# Rapatrier un document PDF de safari sur ibooks



## julien92 (7 Octobre 2010)

Bonsoir à tous,

J'ai cherché une réponse sur le forum à cette question -surement toute bête- mais en vain.

Je voulais savoir comment quand je surf avec mon ipad sur safari je pouvais "rapatrier" un document pdf dans ibooks. Sur mon macbook c'est simple, je vais dans le bas de l'écran et l'icône s'affiche... mais la je vois pas du tout !

Merci à tous pour votre aide !

Julien


----------



## salamander (8 Octobre 2010)

Pour ça il faut passer par des applications tierces...

Par exemple avec le très bon goodreader, il te suffit de copier l'adresse du fichier pdf dans Safari, de la coller dans goodreader, et il te le telecharge.
Ensuite tu peux en faire ce que tu veux, comme l'envoyer par mail...etc..


----------



## julien92 (8 Octobre 2010)

Merci pour ton astuce, j'avais déjà goodreader mais j'ignorai complètement cette astuce qui est vraiment super pratique !

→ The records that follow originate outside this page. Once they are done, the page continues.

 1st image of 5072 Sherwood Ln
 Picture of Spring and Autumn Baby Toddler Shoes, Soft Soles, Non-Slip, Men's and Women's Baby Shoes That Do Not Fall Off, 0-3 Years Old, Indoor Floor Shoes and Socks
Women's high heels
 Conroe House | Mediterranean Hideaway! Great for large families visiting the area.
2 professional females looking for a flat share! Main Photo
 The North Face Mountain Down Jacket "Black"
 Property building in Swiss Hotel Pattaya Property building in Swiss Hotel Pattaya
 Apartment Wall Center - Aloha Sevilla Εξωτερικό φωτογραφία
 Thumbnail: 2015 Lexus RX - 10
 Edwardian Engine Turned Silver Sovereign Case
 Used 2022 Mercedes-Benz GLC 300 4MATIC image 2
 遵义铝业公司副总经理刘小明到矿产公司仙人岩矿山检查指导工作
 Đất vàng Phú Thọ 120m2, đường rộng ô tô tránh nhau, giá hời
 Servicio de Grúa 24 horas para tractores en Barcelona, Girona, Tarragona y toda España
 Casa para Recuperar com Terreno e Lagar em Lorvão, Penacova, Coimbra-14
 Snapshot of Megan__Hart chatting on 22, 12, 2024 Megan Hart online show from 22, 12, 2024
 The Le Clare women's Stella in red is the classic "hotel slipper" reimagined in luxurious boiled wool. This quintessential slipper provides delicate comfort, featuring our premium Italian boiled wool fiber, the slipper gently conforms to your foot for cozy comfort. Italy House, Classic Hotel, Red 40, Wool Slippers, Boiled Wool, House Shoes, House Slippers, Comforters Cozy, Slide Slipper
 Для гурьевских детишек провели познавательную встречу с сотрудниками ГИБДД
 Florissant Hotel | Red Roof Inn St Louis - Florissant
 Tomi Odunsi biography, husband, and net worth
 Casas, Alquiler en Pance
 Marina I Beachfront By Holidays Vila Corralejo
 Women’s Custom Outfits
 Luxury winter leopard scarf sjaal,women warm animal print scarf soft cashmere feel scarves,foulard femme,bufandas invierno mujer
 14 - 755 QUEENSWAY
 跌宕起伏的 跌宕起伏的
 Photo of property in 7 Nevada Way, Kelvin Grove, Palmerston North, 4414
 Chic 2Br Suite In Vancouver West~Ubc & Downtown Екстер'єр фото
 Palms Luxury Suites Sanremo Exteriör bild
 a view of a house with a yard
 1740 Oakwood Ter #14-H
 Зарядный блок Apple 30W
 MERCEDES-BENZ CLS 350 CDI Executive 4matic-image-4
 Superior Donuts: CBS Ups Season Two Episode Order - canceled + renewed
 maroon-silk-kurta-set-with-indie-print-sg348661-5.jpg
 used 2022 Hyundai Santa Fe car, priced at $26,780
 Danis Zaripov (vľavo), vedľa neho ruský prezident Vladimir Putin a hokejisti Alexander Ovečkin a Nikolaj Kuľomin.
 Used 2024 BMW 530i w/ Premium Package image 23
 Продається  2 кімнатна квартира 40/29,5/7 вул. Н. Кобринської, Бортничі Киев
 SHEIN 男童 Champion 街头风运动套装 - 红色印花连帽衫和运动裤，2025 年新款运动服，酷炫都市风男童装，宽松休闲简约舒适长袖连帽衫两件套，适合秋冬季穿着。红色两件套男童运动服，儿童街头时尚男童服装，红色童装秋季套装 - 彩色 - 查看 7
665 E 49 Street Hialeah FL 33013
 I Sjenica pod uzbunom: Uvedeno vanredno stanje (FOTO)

Mais je suis quand même étonné que Apple n'est pas développé une fonction comme celle-ci dans safari ou ibooks de l'ipad....


----------



## salamander (8 Octobre 2010)

C'est plus que prévu en fait. 
Depuis la dernière mise à jour de ios4, sur l'iPhone lorsqu'on ouvre un pdf dans safari, deux nouveaux boutons apparaissent, qui permettent d'ouvrir le pdf avec ibooks, goodreader, ou tout autre lecteur installé. 
Donc voilà, ce sera sur l'ipad à la prochaine mise à jour, d'ici un mois ou deux.


----------